Herr Prof. Dr. Christian Wey (DICE) stellte zunächst mögliche Effizienzvorteile von Preisbindungen dar, beispielsweise die Vermeidung eines doppelten Aufschlags durch marktmächtige Händler oder die Förderung von Verkaufsanstrengungen. Sodann nahm Professor Wey Stellung zum Schreiben der 11. Beschlusskammer des Bundeskartellamts vom 13. April 2010, in dem dieses Beispiele für Verhaltensweisen aufführt, die nach Auffassung des Amtes unzulässige Preisbindungen darstellen. Da die ökonomischen Wirkungen von Preisbindungen nicht grundsätzlich wettbewerbsbeschränkend seien, sprach sich Professor Wey schließlich gegen ein per-se-Verbot der Preisbindung aus. Kritisch seien allerdings Preisbindungen bei steigender Marktmacht auf Herstellerseite zu beurteilen.
Anschließend stellte Herr Marc Besen von der Kanzlei Clifford Chance die europäische Rechtslage zu Preisbindungen und Preisempfehlungen dar. Preisbindungen werden, trotz Forderungen nach einer Änderung, auch in der neuen Gruppenfreistellungsverordnung für Vertikalvereinbarungen als Kernbeschränkungen eingestuft. Dies führt zu der Vermutung einer spürbaren Wettbewerbsbeschränkung sowie zur Unwahrscheinlichkeit einer Freistellung. Da aber eine Freistellung nach Art. 101 Abs. 3 AEUV dennoch grundsätzlich möglich sei, seien Preisbindungen in Europa gerade nicht per se verboten. Bei Preisempfehlungen sei genau zu untersuchen, ob diese nicht tatsächlich eine Wettbewerbsbeschränkung bewirkten.

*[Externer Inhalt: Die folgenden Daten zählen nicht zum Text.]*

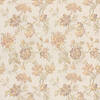 Fabric FA00525 - SANCUS Series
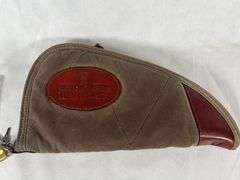 Browning  22  1911   51EZZ04772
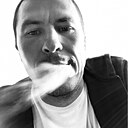 Знакомства: Евгений, 38 лет, Батайск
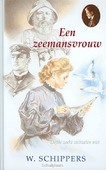 ZEEMANSVROUW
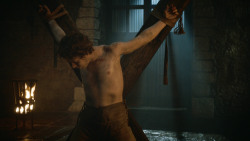 extant_GameOfThrones_3x10-Mhysa_1783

Herr Dr. Christian Bahr von der Kanzlei Schuster Berger Bahr Ahrens ging schließlich auf die deutsche Rechtslage ein. Hierzu zog er einerseits die Ciba Vision Entscheidung, andererseits das Schreiben des Bundeskartellamts vom 13. April 2010 heran. Am Beispiel der im Rahmen der unverbindlichen Preisempfehlung problematischen nochmaligen Thematisierung des Preises warf Herr Dr. Bahr insbesondere die Frage nach dem Unterschied der Begriffe „Druckausübung“, der im Rahmen des Kartellverbots nach § 1 GWB eine Rolle spielt, und „Androhung von Nachteilen“ im Rahmen des Missbrauchsverbots nach § 21 Abs. 2 GWB auf. Schließlich ging Herr Dr. Bahr auf die Problematik von Preisempfehlungen bzw. Preisbindungen durch Hersteller in ihren Verträgen mit Händlern ein, die auch eine Wettbewerbsbeschränkung im Horizontalverhältnis bezwecken oder bewirken können.
In der anschließenden Diskussion unter Moderation von Herrn Professor Dr. Christian Kersting, LL.M. (Yale) war man sich einig, dass eine Preisbindung nicht zwingend wettbewerbsbeschränkend wirken muss. Es wurde jedoch deutlich, dass die Abgrenzung zwischen dem Vorliegen einer zulässigen Preisempfehlung und einer unzulässigen Preisbindung in der Praxis häufig mehr eine tatsächliche als eine rechtliche Frage ist. Es wurde daher vorgeschlagen, die Annahme einer unzulässigen Preisbindung stärker von ihren Effekten abhängig zu machen.